Mikolas was a pygmy hippopotamus who never saw the outside world. From the moment he was born, he lived inside a Neuralink research facility, in a windowless enclosure built between rooms full of cabling, surgical lighting, and signal-processing rigs. He did not come from a zoo, and he was not on loan from a sanctuary. He was, by design, a laboratory animal — small, captive, and assigned to a long-running brain-interface testing programme.
Internal documentation describes Mikolas as “Subject M-04,” a name technicians used in their daily reports. He was selected, according to those documents, because his species offered an unusual combination: a body small enough to handle on a single surgical table, a skull thick enough to anchor implant hardware, and a behavioural profile slow enough to keep him still during long calibration sessions. He was, in the language of the lab, “a convenient mammal.”

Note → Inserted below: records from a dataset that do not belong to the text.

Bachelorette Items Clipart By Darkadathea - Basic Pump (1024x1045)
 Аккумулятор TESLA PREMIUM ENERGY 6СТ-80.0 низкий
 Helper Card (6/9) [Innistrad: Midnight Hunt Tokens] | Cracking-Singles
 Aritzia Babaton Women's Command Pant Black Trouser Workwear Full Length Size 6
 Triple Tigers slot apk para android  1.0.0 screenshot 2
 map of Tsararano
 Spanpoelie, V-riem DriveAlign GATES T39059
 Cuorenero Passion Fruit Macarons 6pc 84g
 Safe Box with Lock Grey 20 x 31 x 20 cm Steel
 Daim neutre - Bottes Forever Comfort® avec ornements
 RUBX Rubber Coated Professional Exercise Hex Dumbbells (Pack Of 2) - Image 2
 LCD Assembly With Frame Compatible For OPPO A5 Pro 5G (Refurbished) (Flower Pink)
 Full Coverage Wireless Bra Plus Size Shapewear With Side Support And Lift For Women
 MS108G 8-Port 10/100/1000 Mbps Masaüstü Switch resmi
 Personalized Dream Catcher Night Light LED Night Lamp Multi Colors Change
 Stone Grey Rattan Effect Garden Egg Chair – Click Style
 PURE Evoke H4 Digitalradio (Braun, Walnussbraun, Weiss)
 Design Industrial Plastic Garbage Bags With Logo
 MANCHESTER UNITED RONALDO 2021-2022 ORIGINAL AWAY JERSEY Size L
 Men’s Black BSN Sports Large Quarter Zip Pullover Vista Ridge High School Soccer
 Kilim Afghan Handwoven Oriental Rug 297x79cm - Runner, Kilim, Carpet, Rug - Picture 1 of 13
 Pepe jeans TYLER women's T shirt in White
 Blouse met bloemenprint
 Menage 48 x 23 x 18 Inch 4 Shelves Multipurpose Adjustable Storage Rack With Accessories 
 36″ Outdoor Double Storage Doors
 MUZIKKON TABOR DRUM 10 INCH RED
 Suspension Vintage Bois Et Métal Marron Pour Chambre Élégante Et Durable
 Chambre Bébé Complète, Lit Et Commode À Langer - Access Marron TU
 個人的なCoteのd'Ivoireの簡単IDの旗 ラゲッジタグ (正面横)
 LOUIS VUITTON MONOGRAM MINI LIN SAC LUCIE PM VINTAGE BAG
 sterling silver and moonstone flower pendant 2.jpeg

For most of his short life, Mikolas’s days followed a fixed schedule. Pre-dawn weighing. A brief feed of pellets and chopped greens. A short walk on a rubber-matted corridor between the husbandry room and the procedure suite. Then sedation, scans, electrode adjustments, and signal recording. Hours of recording. He spent more time under anaesthesia than awake.
Researchers describe him in their notes as “unusually placid,” a phrase that, depending on who reads it, sounds either like a compliment or like a warning. Animals that have never known anything else often stop resisting. Trainers in other settings know this pattern: the more controlled the environment, the smaller the animal’s world becomes, until the animal forgets there was ever anything outside of it.
The brain-interface programme Mikolas was enrolled in was not a single experiment. It was a sequence of escalating procedures: shallow electrode arrays, then deeper ones, then a full custom implant designed to read motor and sensory signals at the same time. Each stage required surgery. Each surgery required recovery. And each recovery shortened.
According to people familiar with the programme, the final implant was the most invasive Neuralink had ever attempted on an animal of his size. The hardware was scaled down, but his physiology was scaled down further. His circulatory system, his immune response, his ability to regulate body temperature under prolonged anaesthesia — none of these had been studied at the depth the procedure demanded. The risk was known. It was logged. It was, internally, accepted.
Mikolas did not survive.
He died on the table during the implant integration session, before the device was fully connected. Lab notes record a steep drop in vitals, a failed resuscitation attempt, and a quiet end-of-day timestamp. There was no public announcement. There was no statement. The next morning, his enclosure was cleaned out, the cabling was rerouted, and the schedule moved on to the next subject.

What makes Mikolas’s story difficult to write about is not only how he died, but how he lived. He never had a habitat. He never had a herd. He never had a name that was not also a subject ID. He existed as a data source, and the data set he produced will likely outlive any institutional memory of the animal it came from.
Animal welfare advocates have argued for years that small, intelligent, captive-raised mammals are uniquely vulnerable in private research pipelines, where there is no public visitor record, no zoological oversight, and no requirement to release necropsy results. Mikolas’s case illustrates exactly that concern: a life lived entirely inside one building, ended inside the same building, with no external accountability between the two.
Neuralink has not commented publicly on Mikolas. The programme he was part of is, according to internal calendars, still running. Other subjects remain on schedule. Other implants are being prepared.
There is no fixing what happened to Mikolas. There is only the question of what the next subject’s story will look like — and whether anyone outside the facility will be allowed to read it.